Secondo il giornalista specializzato in cospirazione negli Stati Uniti, Anthony Mansuy, sono tre i fattori che alimentano le teorie complottiste: attivismo estremizzato, trauma socio-politico e sfiducia nel sistema. E tutti e tre erano presenti nell'opinione pubblica americana (e non solo) quando sabato scorso, 13 luglio 2024, in Pennsylvania, un proiettile sfiorava la tempia dell'ex presidente degli Stati Uniti e candidato alla presidenza Donald Trump mentre stava tenendo un comizio in vista delle presidenziali del 5 novembre 2024.
Tutto è successo in una manciata di secondi: tanto è bastato a Trump per rendersi conto di quello che aveva appena rischiato e, nonostante ciò, avere la prontezza di rimanere fermo sul posto, con il viso sporco di sangue e il pugno alzato in segno di vittoria e forza. Sullo sfondo, la bandiera degli Stati Uniti si stagliava, imponente, davanti a un cielo blu brillante.
Tutto è racchiuso in una foto. Perfetta, per tanti – almeno prima che l'attentato venisse ricostruito – anche troppo. E così in poche ore X (fu Twitter) la prima parola in tendenza è diventata "Staged", ovvero "messa in scena", in poche ore il marchio distintivo delle tante teorie complottiste secondo cui l'attentato sarebbe stato una messa in scena, per molti organizzata dallo stesso Trump.
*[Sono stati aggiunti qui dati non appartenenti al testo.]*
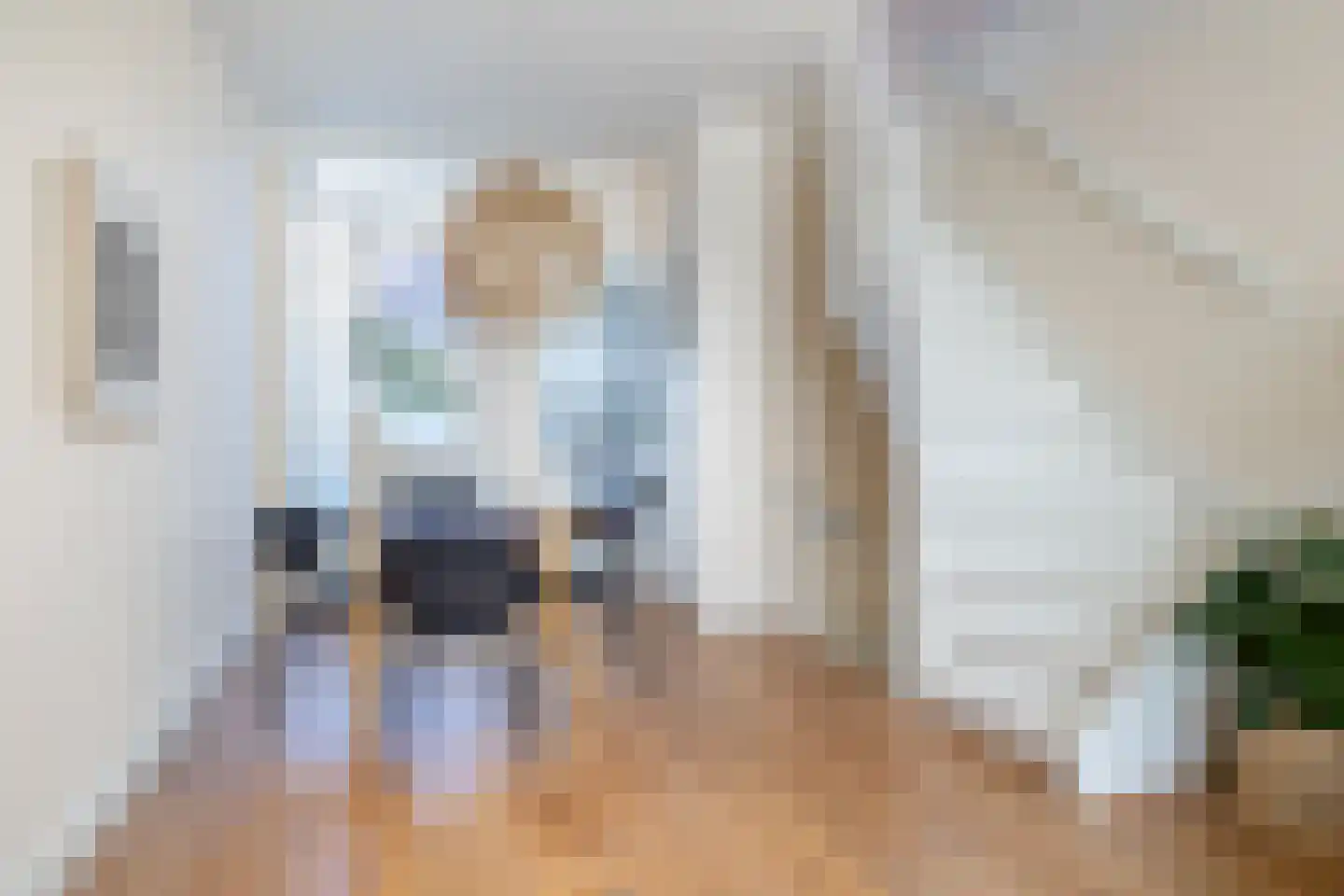 Doelenstraat 1 Gouda thumbnail 20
Le teorie complottiste dell'auto-attentato
Non è la prima volta che succede. Nella storia degli Stati Uniti sono stati diversi i presidenti che hanno subito attentati: il più famoso, quello di John Fitzgerald Kennedy nel novembre 1963. Anche allora le teorie complottiste non sono mancate. Oggi, però ci sono i social a fare da cassa di risonanza, diventando il luogo in cui le teorie complottiste si autoalimentano e si diffondono a velocità della luce. Il fatto che l'hashtag "Staged" sia diventato il primo in tendenza negli Stati Uniti il pochi minuti dopo l'attentato ne è la prova.
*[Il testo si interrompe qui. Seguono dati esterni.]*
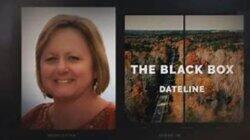 The Black Box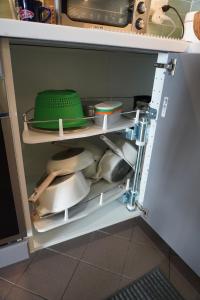 Bangkok Central View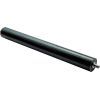 Вал резиновый Ricoh Aficio 1013/AE020164/AE020149/CET3454 AE02-0107-VE AHK (3205101)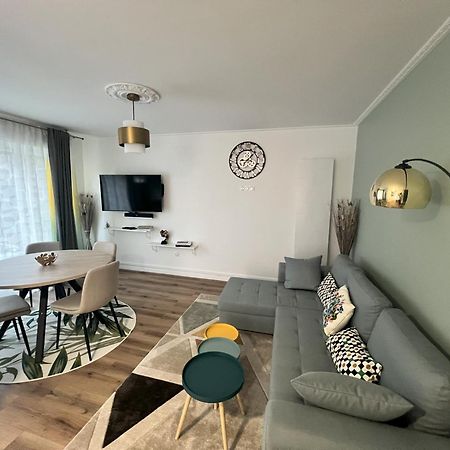 Belle Maison Avec Jardin ! Bezannes Экстерьер фото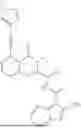 Fig. 446 - HETEROCYCLIC COMPOUNDS AND USES THEREOF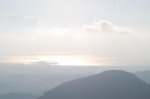 DSC_8026_1000x665.jpg
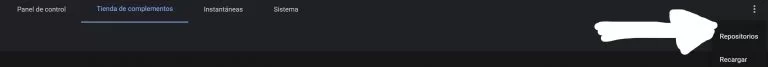 Terminal desde Windows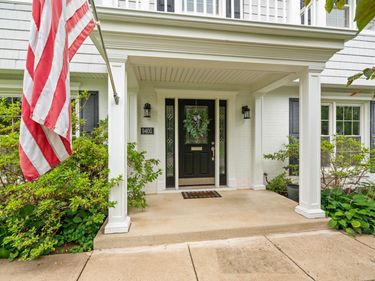9405 BEAUREGARD AVENUE, MANASSAS, VA 20110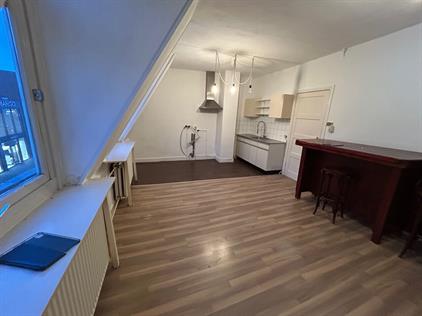 Apartment for rent 900 euro Kalanderstraat, Enschede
Per i complottisti quello successo sabato 13 luglio non può essere un caso. Secondo centinaia, se non migliaia, di utenti su X gli elementi per poterlo affermare non mancano. La reazione fulminea di Trump, il fatto che Crooks abbia potuto appostarsi con un fucile così pericolosamente vicino all'ex presidente e nessuno lo abbia visto, l'atteggiamento apparentemente troppo cauto della sicurezza, la folla che rimane lì intorno e non scappa. "Se non pensate che quella m*rda sia stata messa in scena? Guardate nel 2016 quanto velocemente hanno fatto uscire Trump da lì solo perché era trapelato il sospetto che qualcuno nella folla avesse una pistola", scrive in un post un utente, confrontando il video dell'attentato con quello di un comizio passato di Trump.
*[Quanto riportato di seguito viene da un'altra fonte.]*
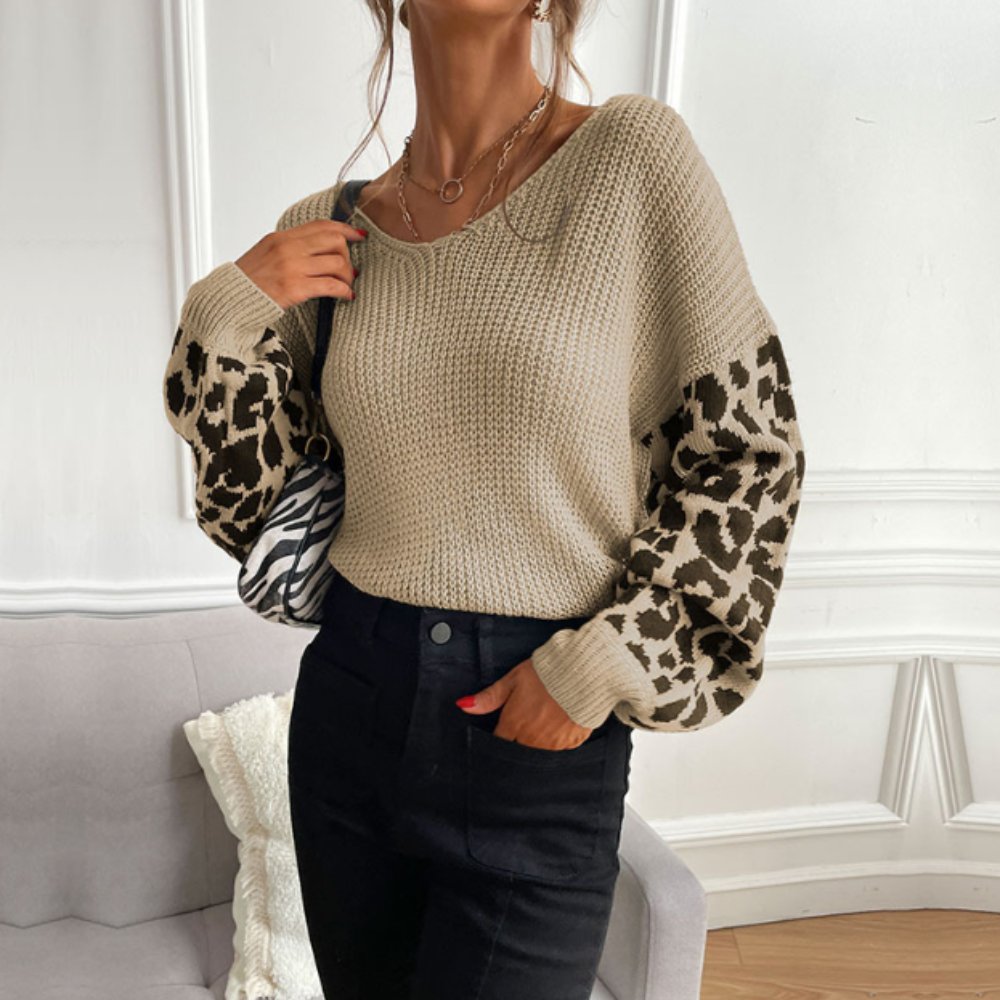 Yellow Pandora women&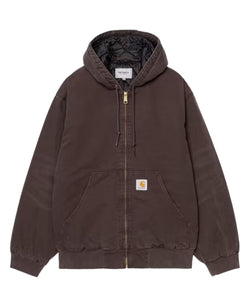 OG ACTIVE JACKET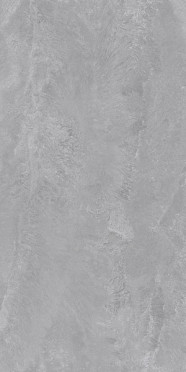 Керамогранит Moderno Piuma Grey Satin Matt 60x120x0.9 от Art&Natura Ceramic (Индия)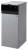 Напольный газовый котел Baxi SLIM 1.230 i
Le prove secondo i complottisti
Poco conta se – come hanno fatto notare in molti, giornalisti, esperti e utenti – c'è una foto, scattata dal fotografo del New York Times Doug Mills, in cui si vede incredibilmente il proiettile a pochi centimetri dalla testa di Trump. Poco conta se l'attentatore ha un nome e un cognome, Thomas Matthews Crooks, ed è stato ucciso dalla sicurezza del presidente. Non conta nemmeno che una persona tra i partecipanti della convention sia rimasta uccisa da uno dei colpi sparati dall'attentatore.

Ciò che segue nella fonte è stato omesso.